Cursor on Target: The "Sum of All Wisdom" Comes of Age

December 2010
Topics: Command and Control, Systems Integration/Interoperability
When a high-ranking Air Force Officer declared that the sum of all wisdom is a cursor over the target, MITRE accepted the challenge.
uav pilots

Col. Jeffrey Eggers is no stranger to Cursor on Target (CoT): He first encountered the MITRE-developed system in 2004 when he was a pilot flying Predators at Nellis Air Force Base. As a situational awareness tool that strips critical communication requirements to their most essential elements, CoT allowed Predator pilots to correlate the tracks of other aircraft with their own positions and mission plans.

Last September, Eggers learned that CoT offers benefits that go beyond increased situational awareness. Now as the Air Force's director of advanced ISR (intelligence, surveillance, and reconnaissance) capabilities, he participated with other CoT stakeholders in a scenario-based competition at the CoT User's Conference in Billerica, Mass. "It was a remarkable display of the way a new technology like CoT can greatly ease organizational interaction and spur cooperation between competitors," Eggers says.
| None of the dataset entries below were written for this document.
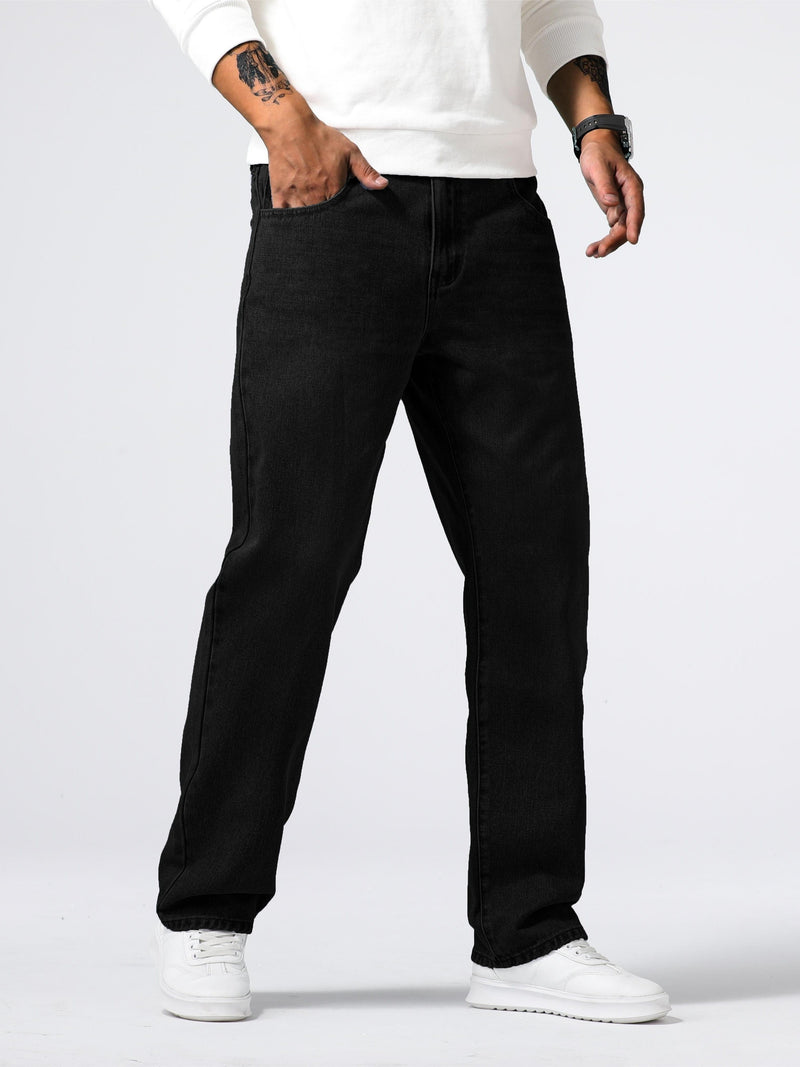 Relaxed Fit Regular Men's Jeans - Lucas-Royal Blue-30-State of Style
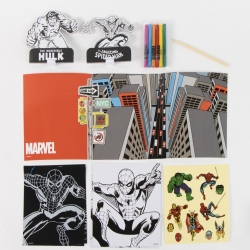 SET COLOREABLE MOCHILA SPIDERMAN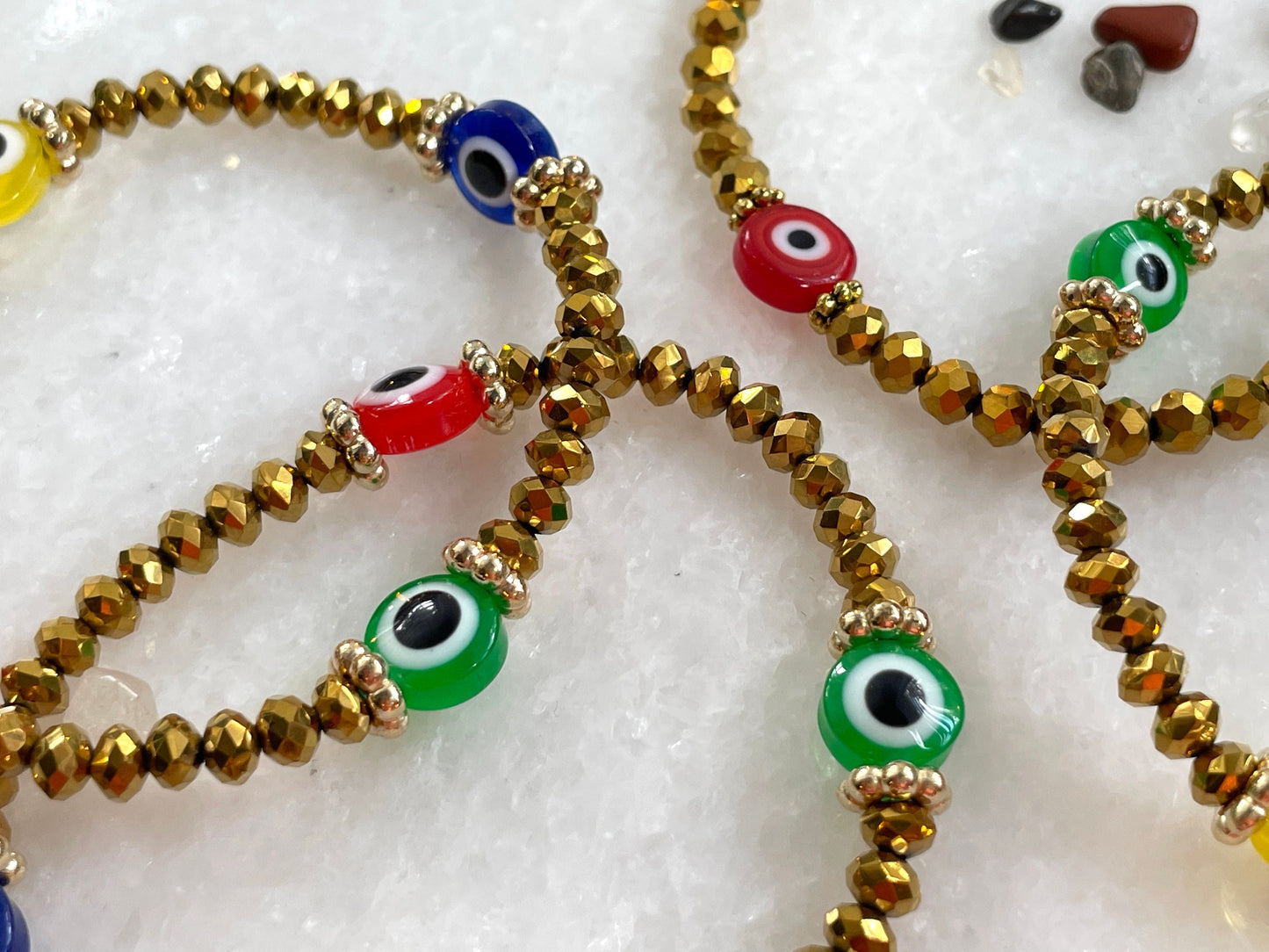 Evil Eye Elastic Bracelet, plastic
MITRE originally developed CoT for the Electronic Systems Center at Hanscom Air Force Base following a challenge by then-Air Force Chief of Staff Gen. John Jumper, who said, "The sum of all wisdom is a cursor over the target." Meeting that challenge, CoT has been used across the military to track hostile and friendly forces, direct the flow of target coordinates, and solve other operational challenges through the use of machine-to-machine communications.

A Timely Theme

"Integration" was the theme of this year's annual conference, which helps keep program managers, users, and vendors up to date on CoT-based capabilities. The theme was based on last year's event when three companies—Insight Technology, Harris, and Thales—demonstrated in near-real-time how their technologies could merge and then perform even more impressive tasks. For example, not only could the integrated technology seamlessly create a target, it could also transmit target information through multiple types of radios to display relevant information on situation awareness displays.

In planning this year's conference, MITRE's Jon Jacoby and his team were interested in taking that idea further. "We decided to explore whether that single demonstration could be scaled to a larger venue," says Jacoby, a principal engineer. "The thinking was that if we could provide a suitable network and CoT-based network traffic, what would all the brilliant people who attend the meeting be able to come up with?"

Split into two teams, the participants applied CoT-based technologies to quickly track and share data to meet the scenario's operational challenges (based upon the Haiti relief efforts in 2010). "It was a remarkably simple demonstration of CoT's value to the warfighter—near-real time integration," Jacoby says.

A New Philosophy of Data Exchange

What they came up with was more than satisfactory to Eggers. "I knew CoT made development and integration easier, but the social effects were astounding," says Eggers. "Representatives from government offices, research centers, and commercial vendors were able to rapidly exchange data from other organizations and technologies that they had never been exposed to before."

Eggers continues to see tremendous potential for CoT. "It's not just another new message format—it's a new philosophy," he says. "CoT can take very tight, rigid, enduring standards with rapid, flexible expansion capabilities, and make them work together in a simple, efficient standard that can bridge isolated government agencies as easily as it bridges two vendors' software tools."

Jacoby expressed satisfaction about the conference. "Overall, it was highly successful," he says. "We wanted to educate people on the fundamentals of CoT, as well as show the possibility of real-time integration. We met those goals."